[Source information]
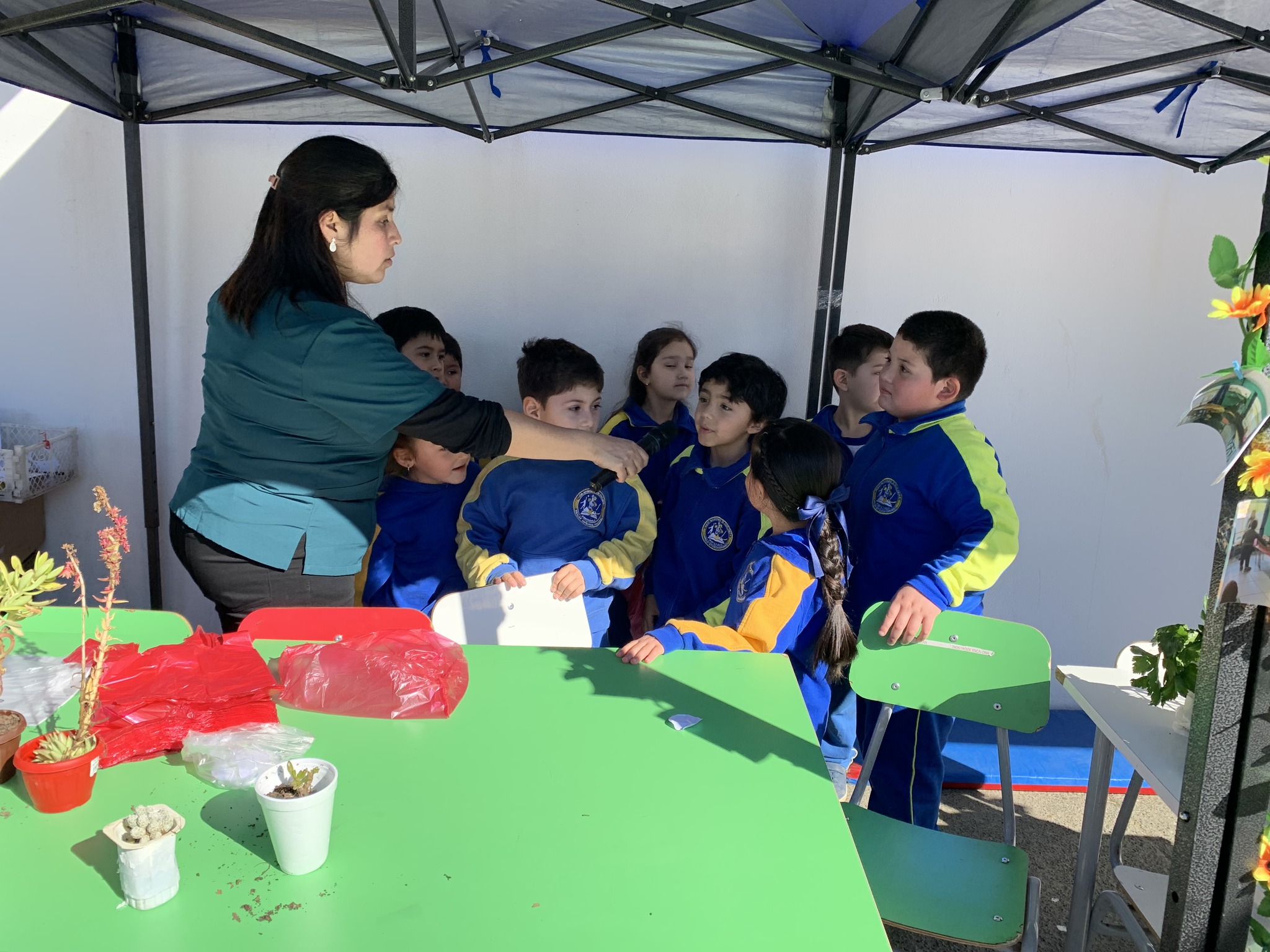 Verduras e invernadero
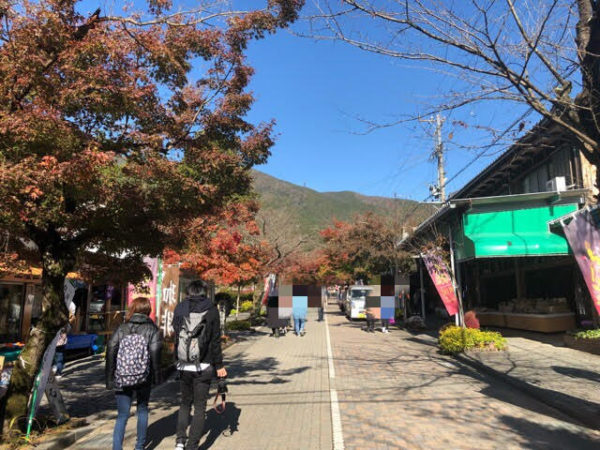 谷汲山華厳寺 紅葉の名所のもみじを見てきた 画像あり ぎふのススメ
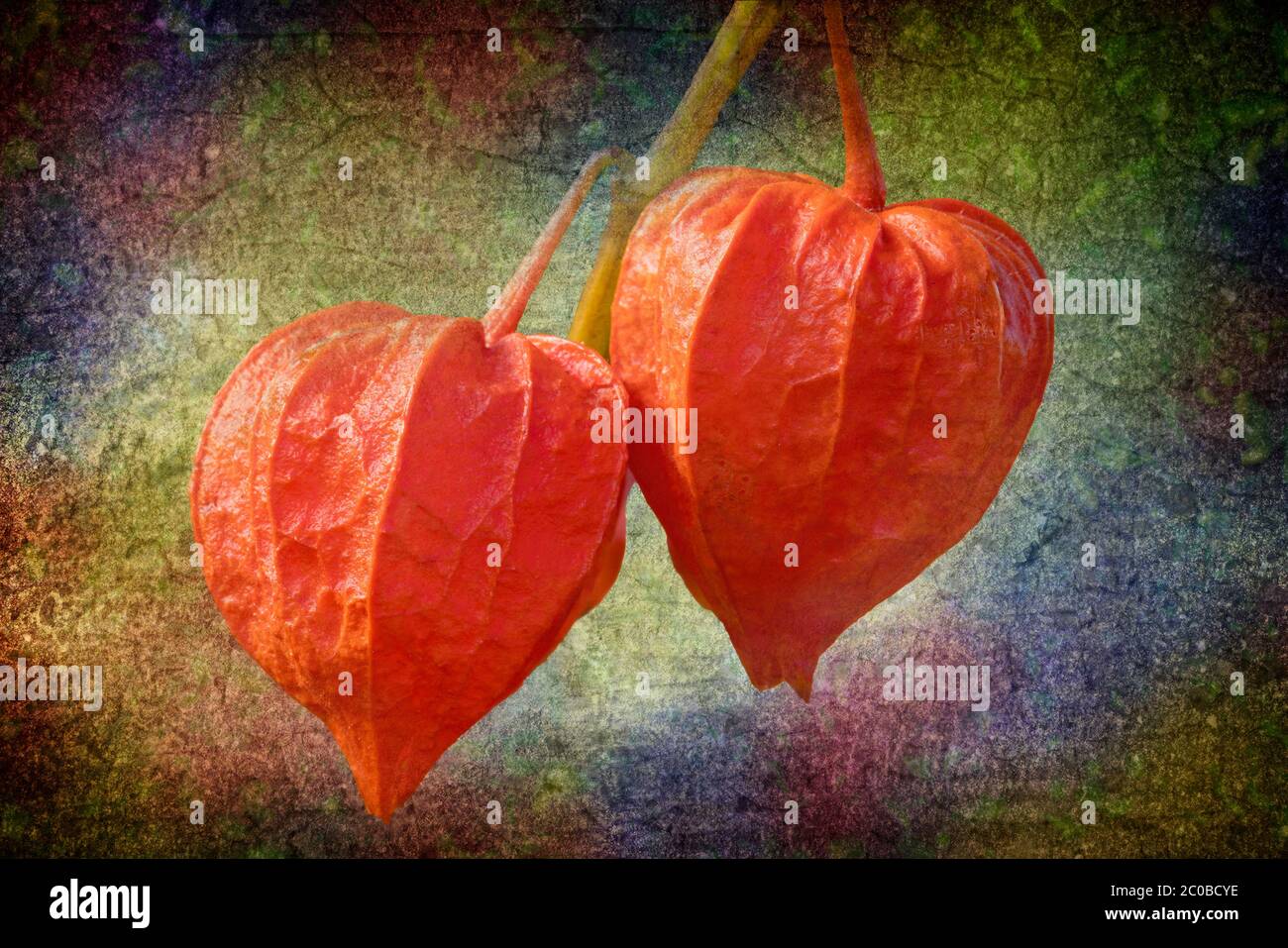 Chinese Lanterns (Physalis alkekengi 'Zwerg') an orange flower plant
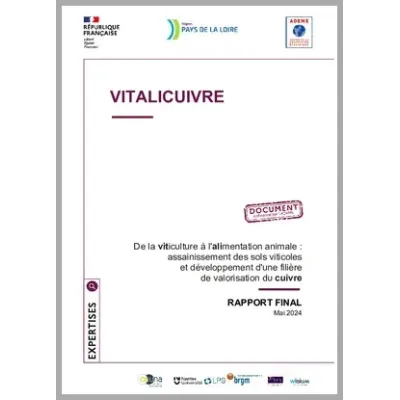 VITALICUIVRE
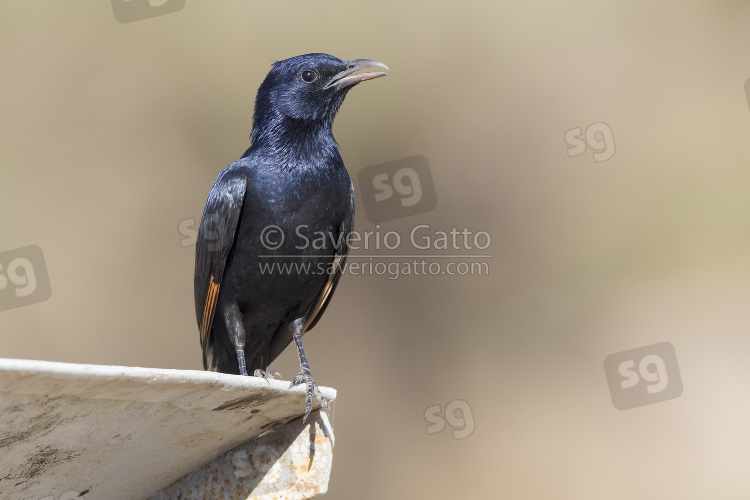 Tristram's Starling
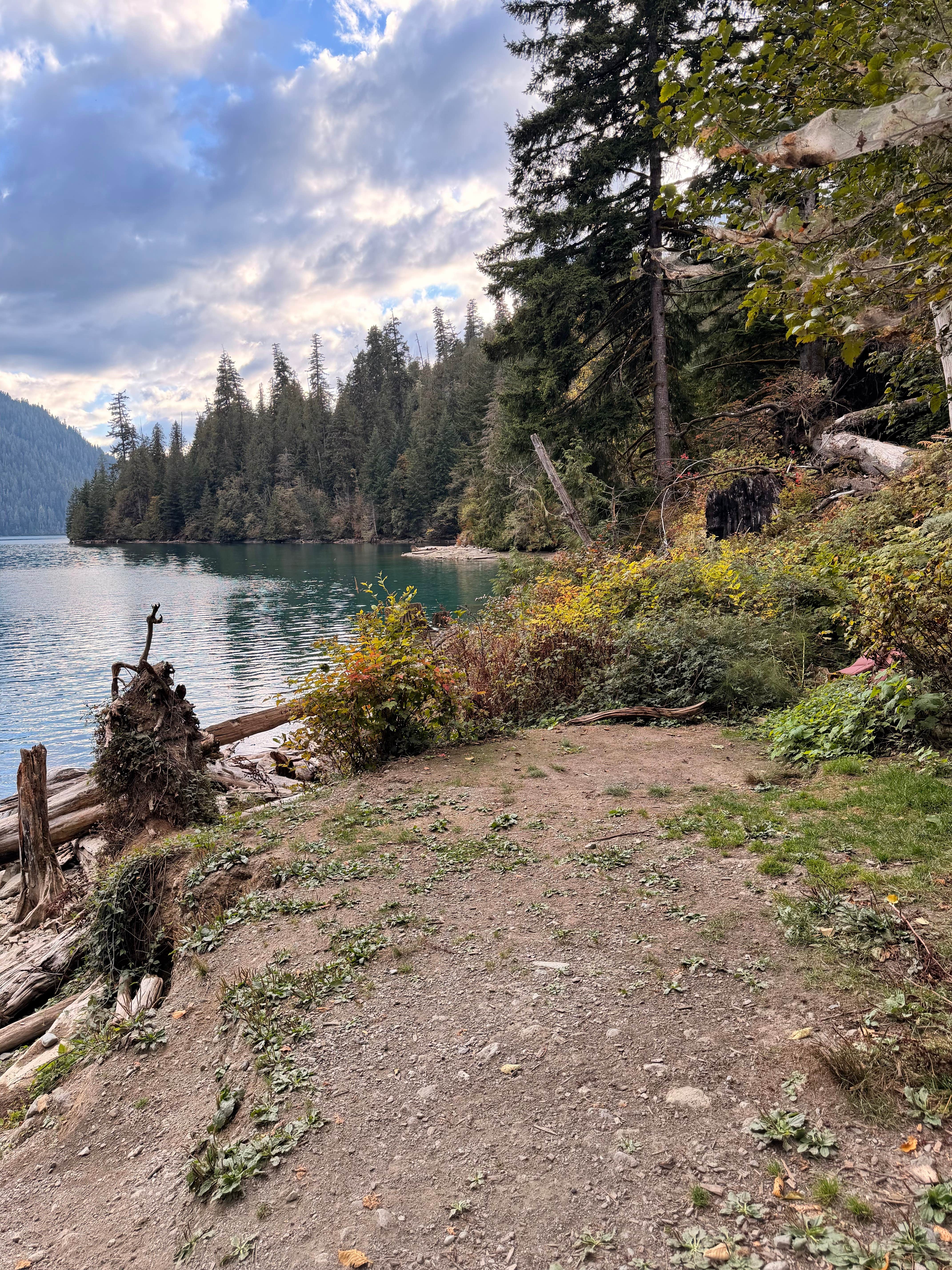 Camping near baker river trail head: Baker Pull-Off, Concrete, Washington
[/Source information]
* [Task prompt] Leave every picture out, and transcribe the data above exactly as it reads.

* [Reply]
 Verduras e invernadero
 谷汲山華厳寺 紅葉の名所のもみじを見てきた 画像あり ぎふのススメ
 Chinese Lanterns (Physalis alkekengi 'Zwerg') an orange flower plant
 VITALICUIVRE
 Tristram's Starling
 Camping near baker river trail head: Baker Pull-Off, Concrete, Washington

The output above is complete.